§ **Extracted entries**
+===+

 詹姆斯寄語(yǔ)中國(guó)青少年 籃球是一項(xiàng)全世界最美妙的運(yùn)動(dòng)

+===+

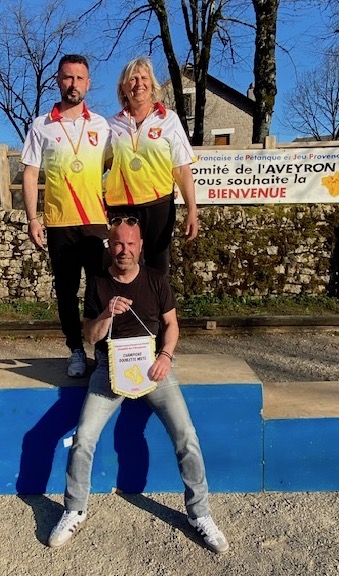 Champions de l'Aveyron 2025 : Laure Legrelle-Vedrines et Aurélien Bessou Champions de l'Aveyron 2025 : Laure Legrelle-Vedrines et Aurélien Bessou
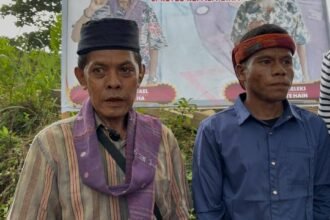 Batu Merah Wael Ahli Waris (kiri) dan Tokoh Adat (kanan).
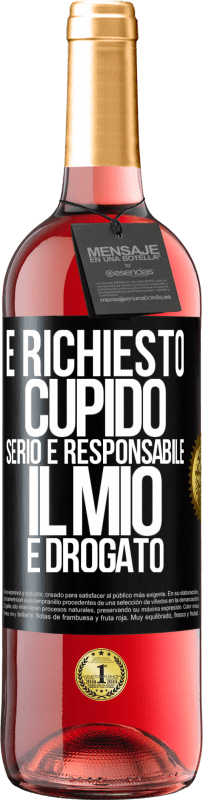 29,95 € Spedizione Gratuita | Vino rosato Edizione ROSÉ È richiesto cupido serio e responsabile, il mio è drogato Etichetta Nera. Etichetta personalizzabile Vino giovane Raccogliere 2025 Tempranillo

+===+

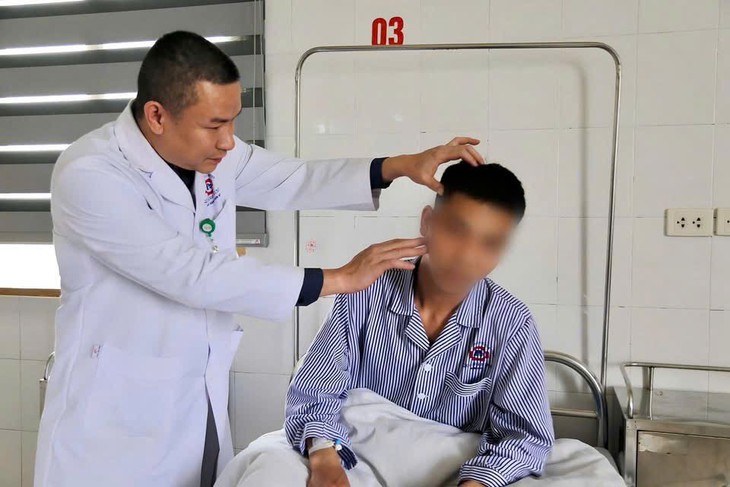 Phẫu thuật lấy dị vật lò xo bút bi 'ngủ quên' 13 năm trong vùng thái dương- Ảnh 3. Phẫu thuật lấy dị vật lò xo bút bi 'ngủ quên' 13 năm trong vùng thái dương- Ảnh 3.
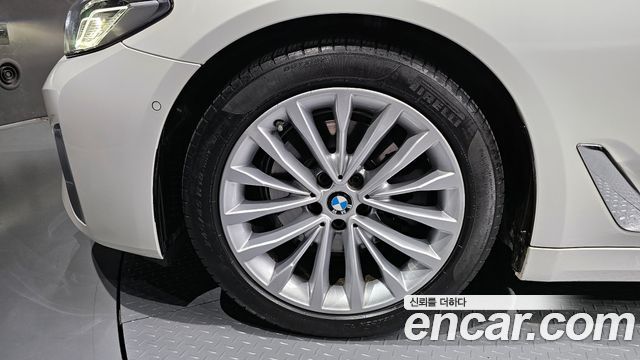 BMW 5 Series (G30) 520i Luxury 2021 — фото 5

+===+

§ **Work request**
Taking the entries above, extract every line from the one bearing "Batu Merah Wael" through the one bearing "29,95 € Spedizione", exactly, with no pictures.

§ **Output of the exercise**
 Batu Merah Wael Ahli Waris (kiri) dan Tokoh Adat (kanan).
 29,95 € Spedizione Gratuita | Vino rosato Edizione ROSÉ È richiesto cupido serio e responsabile, il mio è drogato Etichetta Nera. Etichetta personalizzabile Vino giovane Raccogliere 2025 Tempranillo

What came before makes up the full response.